The Good, The Bad and The Ugly - Rule Engine Benchmarks

Goodbaduglydvd

Last night I watched “Unforgiven” so I thought I’d continue the spaghetti Western theme today; looking at the challenge of developing, running and interpreting benchmarks for Business Rule Management Systems. I recently read the excellent article “Behind the benchmarks: SPEC, GFLOPS, MIPS et al” by Jon “Hannibal” Stokes. Although Jon discusses CPU benchmarking many of his points are relevant to rule engine benchmarking as well. For example, here is how he describes the various techniques used to to measure CPU performance:

  • Real-world Applications: one of the most popular, and best, ways to benchmark a system is by running a real program on it and see how long it takes the program to complete a task.
  • Kernels: a small, CPU-intensive portion of a real program that’s intended to be run on its own or as part of a benchmarking suite.
  • Toy Applications: small programs like Quicksort or the Sieve of Eratosthenes that people cook up to compile and run on any computer.
  • Synthetic Benchmarks: try to determine the average instruction mix of a typical program so that it can replicate that mix and run those types of instructions on the CPU.
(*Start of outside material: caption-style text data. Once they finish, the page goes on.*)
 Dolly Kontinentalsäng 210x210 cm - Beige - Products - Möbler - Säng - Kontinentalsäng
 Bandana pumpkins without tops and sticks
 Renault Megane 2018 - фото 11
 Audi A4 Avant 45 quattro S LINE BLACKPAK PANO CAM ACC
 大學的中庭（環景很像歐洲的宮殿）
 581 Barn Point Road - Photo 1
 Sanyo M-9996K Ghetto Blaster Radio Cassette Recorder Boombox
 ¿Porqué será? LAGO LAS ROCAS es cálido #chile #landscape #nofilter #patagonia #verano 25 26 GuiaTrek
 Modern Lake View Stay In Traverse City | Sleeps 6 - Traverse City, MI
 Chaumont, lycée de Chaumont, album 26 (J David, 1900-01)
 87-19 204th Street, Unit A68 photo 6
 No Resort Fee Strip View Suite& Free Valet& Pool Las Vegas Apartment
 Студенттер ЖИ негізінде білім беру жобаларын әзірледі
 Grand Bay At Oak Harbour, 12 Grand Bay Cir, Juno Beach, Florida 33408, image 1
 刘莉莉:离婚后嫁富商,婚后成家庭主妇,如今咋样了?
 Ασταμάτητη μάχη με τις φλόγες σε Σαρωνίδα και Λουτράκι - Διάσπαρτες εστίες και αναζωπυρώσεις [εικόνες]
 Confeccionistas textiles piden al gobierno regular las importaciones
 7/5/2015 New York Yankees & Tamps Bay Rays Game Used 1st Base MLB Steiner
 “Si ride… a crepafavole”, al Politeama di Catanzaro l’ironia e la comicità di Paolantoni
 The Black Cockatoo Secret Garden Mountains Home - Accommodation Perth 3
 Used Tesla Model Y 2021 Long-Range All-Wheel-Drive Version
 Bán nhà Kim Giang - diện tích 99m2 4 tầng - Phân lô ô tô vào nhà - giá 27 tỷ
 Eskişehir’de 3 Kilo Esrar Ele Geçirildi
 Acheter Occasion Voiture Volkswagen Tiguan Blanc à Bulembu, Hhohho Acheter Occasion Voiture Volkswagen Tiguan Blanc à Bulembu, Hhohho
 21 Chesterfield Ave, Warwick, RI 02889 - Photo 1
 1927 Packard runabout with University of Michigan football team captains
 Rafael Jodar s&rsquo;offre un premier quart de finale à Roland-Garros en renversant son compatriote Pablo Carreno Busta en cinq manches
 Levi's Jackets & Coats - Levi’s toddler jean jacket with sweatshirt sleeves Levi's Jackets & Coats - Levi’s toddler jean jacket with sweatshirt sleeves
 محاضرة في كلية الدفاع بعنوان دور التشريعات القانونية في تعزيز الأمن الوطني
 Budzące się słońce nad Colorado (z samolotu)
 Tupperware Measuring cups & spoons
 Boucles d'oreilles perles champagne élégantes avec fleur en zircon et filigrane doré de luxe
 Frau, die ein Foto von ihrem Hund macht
The current “Academic Benchmarks” for BRMS fall somewhere within the definition of a “Kernel” or a “Toy Application”, probably closer to the latter. Although they can be useful for implementors of rule engines, I’d argue they are of no use to evaluators of rule engine technology and may be a significant distraction. ILOG has been guilty of publishing academic benchmark numbers in the past of course, so I am not putting us on a pedestal!

Academic Benchmarks

The issues with the academic benchmarks for BRMS are fairly well documented, and there seems to be a general consensus that they should not be used for reliable product performance comparison, however they keep cropping up! Even in Ruby!

Here are some of the problems:

  • Very small number of rules (less than 50)
  • Test worst-case RETE inference and agenda usage, which is rarely encountered with well designed applications
  • Implement solutions to combinatorial search problems, typically better implemented using a CP Engine rather than a RETE engine
  • The solutions are not verified, meaning that correctness may be inadvertently (?) sacrificed for speed. This is particularly the case for Waltz and WaltzDB for which I’ve never seen any verification of the results.
  • The benchmarks are easy to “game” because every vendor ports from the original OPS5 source code into their own rule language, where they take advantage of their product’s features

For reference, I have included the descriptions for the three most famous academic benchmarks below (paraphrased from the paper “Effects of Database Size on Rule System Performance: Five Case Studies” published by Daniel Miranker et al). How representative do they sound of your application!?

Manners

Manners is based on a depth-first search solution to the problem of finding an acceptable seating arrangement for guests at a dinner party. The seating protocol ensures that each guest is seated next to someone of the opposite sex who shares at least one hobby.

Waltz and Waltzdb

Waltz was developed at Columbia University. It is an expert system designed to aid in the 3-dimensional interpretation of a 2-dimensional line drawing. It does so by labeling all lines in the scene based on constraint propagation. Only scenes containing junctions composed of two and three lines are permitted. The knowledge that Waltz uses is embedded in the rules. The constraint propagation consists of 17 rules that irrevocably assign labels to lines based on the labels that already exist. Additionally, there are 4 rules that establish the initial labels.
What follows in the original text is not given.